I had my skills in bed firstly praised, then ridiculed.
I'm a female bisexual and was her first woman. Her exact words in the beginning: "Woah. It's even better with a woman. The intensity, it never gets boring. It's so good!" and right before my discard: "You were only an experiment. I told you from the beginning. I'm more into men. I love their muscles, their bodies... .everything."
I had my job/hobbies praised and then damned.
I work in the social system. In the beginning she said things like "I could never do that. It must be very hard to work with these people. It's good that people are out there to be able to help them. We need people like you.", right before the discard she made fun of my job and that I would work with the scum of society.
I had my strengths initially celebrated as strengths and then turned against me.
"You are so intelligent and do understand me. No one else does. You are so kind and compassinate towards me. No one's been like that to me before.", right before the discard I was being called week because of these things.
And the worst, I had my insecurities at first soothed and then used as ammunition to attack my very core being.
Right from the beginning I was being honest with her and told her about my aspergers. I told her about all my insecurities and the things I have problems with. She was totally okay with that, helped me in difficult situations (which where 'caused by her weird behaviour... .).
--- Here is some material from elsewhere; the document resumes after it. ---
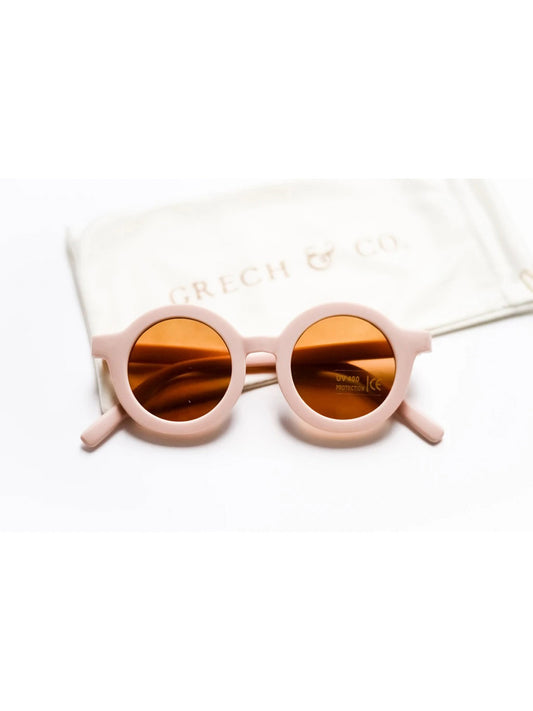 GAFAS DE SOL SOSTENIBLES SUNNIES SHELL ROSA Grech & Co. KIDSME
But in the end she used all my insecurities and my problems against me... .She knew exactly what to do to make me anxious or frightened, unease and stuff and of course in the end I was accused of being the one with a mental illness (autism isn't a mental illness btw... .and believe me, people know about my aspergers but I never abused them or anything... .).
And all without breaking a sweat and not an ounce of guilt, remorse or apology.
Yep, pretty much that.
I think there you really can see their black-and-white-thinking... .It really comes through.